Personal information
- Full name: Jane Lois Ward
- Born: April 30, 1928 Buffalo, New York, U.S.
- Died: November 24, 2024 (aged 96) Carlsbad, California, U.S.
- Height: 170 cm (5 ft 7 in)

Medal record
Women's volleyball
Representing the United States
Pan American Games
| Gold medal – first place | 1967 Winnipeg | Team |
| Silver medal – second place | 1959 Chicago | Team |
| Silver medal – second place | 1963 São Paulo | Team |

= Jane Ward (volleyball) =

American volleyball player (1928–2024)

Jane Lois Ward (April 30, 1928 – November 24, 2024) was an American volleyball player and coach. She played for the United States national team at the 1955 Pan American Games, the 1956 FIVB Women's Volleyball World Championship, the 1959 Pan American Games, the 1960 FIVB Women's Volleyball World Championship, the 1963 Pan American Games, the 1964 Summer Olympics, the 1967 Pan American Games, and the 1968 Summer Olympics.

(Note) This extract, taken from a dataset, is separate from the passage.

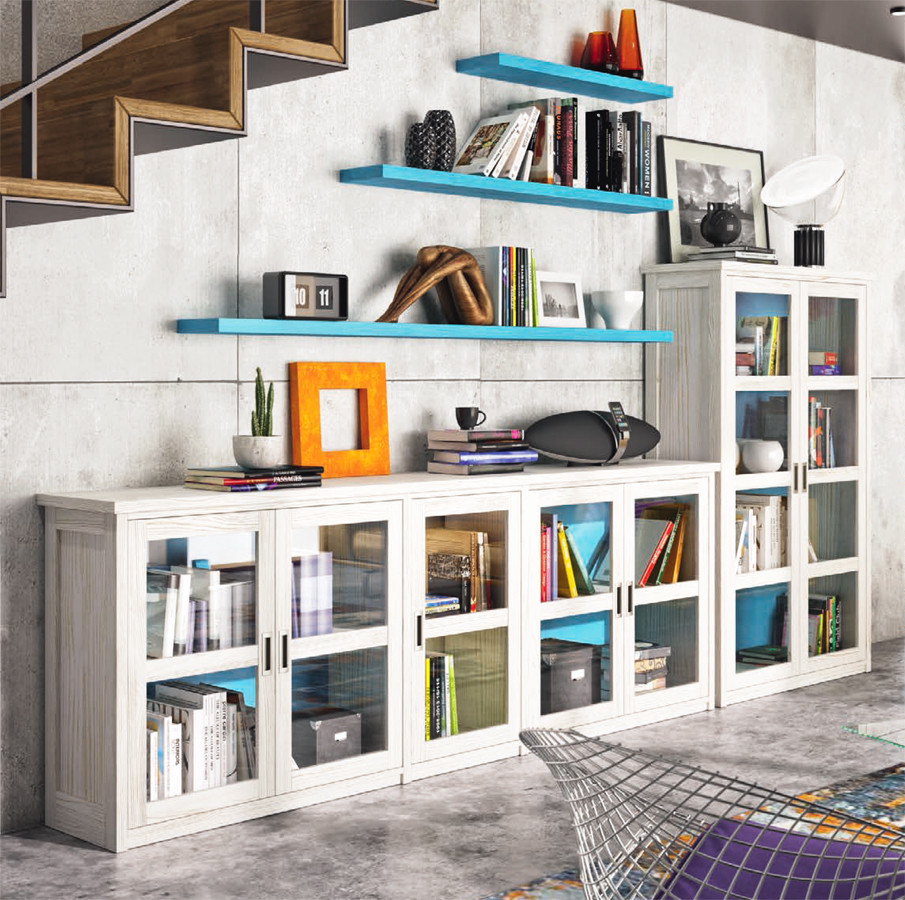 Mueble Libreria Con Puertas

==Early life and education==
Ward was born in Buffalo, New York on April 30, 1928. She attended the University of Buffalo, where she majored in physical education, played hockey, and was a star player on semi-pro softball and basketball teams.

==Playing career==
In the early 1950s, Ward moved to Southern California, where beginning in 1954, she played as an outside hitter and setter in the United States Volleyball Association (USVBA), primarily for the Long Beach Ahern Shamrocks. She was a dominant player in the league until her retirement in 1968; her teams won 13 national championships, she was All-American each year, and she was USVBA MVP five times.

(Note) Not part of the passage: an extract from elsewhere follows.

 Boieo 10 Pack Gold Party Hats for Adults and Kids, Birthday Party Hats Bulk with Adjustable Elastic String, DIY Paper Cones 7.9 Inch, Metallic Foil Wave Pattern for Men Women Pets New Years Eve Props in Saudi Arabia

Internationally, Ward played on the United States women's volleyball team at the World Championships in 1956 (the US's first appearance, winning silver) and 1960; at the 1955 Pan American Games (winning silver), the 1959 Pan American Games (winning silver), the 1963 Pan American Games (winning silver), and the 1967 Pan American Games (winning gold); and at the 1964 Summer Olympics (the inaugural year for the sport) and the 1968 Summer Olympics.

==Coaching career==
After retiring as a player in 1968, Ward coached women's volleyball for 20 years. In 1968, she joined the coaching staff at Cabrillo College in Aptos, California. She was head coach from 1969 to 1978; her team won the California state title in 1978. From 1974 to 1979, she was also the first women's volleyball head coach at San Jose State University, where the team placed 7th nationally in 1978 and she was conference coach of the year in 1974.

==Death==
Ward died in Carlsbad, California, on November 24, 2024, at the age of 96.

==Honors==
- USVBA All-Time Great Players Award, 1969
- International Volleyball Hall of Fame, 1988
- USA Volleyball National Team Award, 2009
- University of Buffalo Athletic Hall of Fame, 1989
- Cabrillo College Hall of Fame, 2019

==Publications==
- with Allen E. Scates. Volleyball. Allyn and Bacon series in basic concepts of physical activity. [1969]. 2nd ed. Boston: Allyn and Bacon, 1975. ISBN 9780205048175.